[Start of section]
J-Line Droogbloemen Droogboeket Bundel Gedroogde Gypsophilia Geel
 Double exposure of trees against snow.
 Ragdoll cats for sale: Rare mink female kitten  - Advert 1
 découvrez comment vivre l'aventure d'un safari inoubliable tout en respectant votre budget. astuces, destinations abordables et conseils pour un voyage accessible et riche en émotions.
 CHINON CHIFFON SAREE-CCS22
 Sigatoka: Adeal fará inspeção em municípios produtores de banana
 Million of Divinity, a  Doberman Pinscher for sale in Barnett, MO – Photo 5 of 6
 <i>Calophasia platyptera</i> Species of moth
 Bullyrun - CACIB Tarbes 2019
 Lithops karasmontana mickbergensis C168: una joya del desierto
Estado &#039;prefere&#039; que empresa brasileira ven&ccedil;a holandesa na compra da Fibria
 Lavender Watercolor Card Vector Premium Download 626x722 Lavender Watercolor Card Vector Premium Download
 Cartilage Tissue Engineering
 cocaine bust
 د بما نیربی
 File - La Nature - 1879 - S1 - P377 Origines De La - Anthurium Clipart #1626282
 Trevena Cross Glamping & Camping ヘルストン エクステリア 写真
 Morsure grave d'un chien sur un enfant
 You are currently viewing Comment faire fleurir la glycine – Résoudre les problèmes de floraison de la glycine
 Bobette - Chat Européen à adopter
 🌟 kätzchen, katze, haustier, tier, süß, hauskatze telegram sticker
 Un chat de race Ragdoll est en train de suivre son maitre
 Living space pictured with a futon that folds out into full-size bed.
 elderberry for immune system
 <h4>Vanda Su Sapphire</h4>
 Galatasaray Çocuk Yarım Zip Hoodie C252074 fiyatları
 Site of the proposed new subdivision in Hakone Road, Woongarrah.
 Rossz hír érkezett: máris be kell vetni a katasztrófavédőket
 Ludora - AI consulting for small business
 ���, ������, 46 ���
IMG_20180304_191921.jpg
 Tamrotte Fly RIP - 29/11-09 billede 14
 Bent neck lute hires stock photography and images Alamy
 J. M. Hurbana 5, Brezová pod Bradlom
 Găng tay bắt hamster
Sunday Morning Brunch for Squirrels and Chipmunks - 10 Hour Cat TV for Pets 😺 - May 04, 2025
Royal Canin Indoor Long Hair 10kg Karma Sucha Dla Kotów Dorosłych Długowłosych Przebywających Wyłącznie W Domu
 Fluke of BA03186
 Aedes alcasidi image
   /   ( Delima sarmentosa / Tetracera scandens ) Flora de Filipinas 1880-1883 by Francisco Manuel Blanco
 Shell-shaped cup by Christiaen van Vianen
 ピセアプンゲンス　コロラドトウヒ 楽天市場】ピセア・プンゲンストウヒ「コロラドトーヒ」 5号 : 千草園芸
[End of section]
Look above for the line holding "Galatasaray Çocuk Yarım". Print it and every line after it, exactly, through the line holding "J. M. Hurbana 5, Brezová pod Bradlom".

 Galatasaray Çocuk Yarım Zip Hoodie C252074 fiyatları
 Site of the proposed new subdivision in Hakone Road, Woongarrah.
 Rossz hír érkezett: máris be kell vetni a katasztrófavédőket
 Ludora - AI consulting for small business
 ���, ������, 46 ���
IMG_20180304_191921.jpg
 Tamrotte Fly RIP - 29/11-09 billede 14
 Bent neck lute hires stock photography and images Alamy
 J. M. Hurbana 5, Brezová pod Bradlom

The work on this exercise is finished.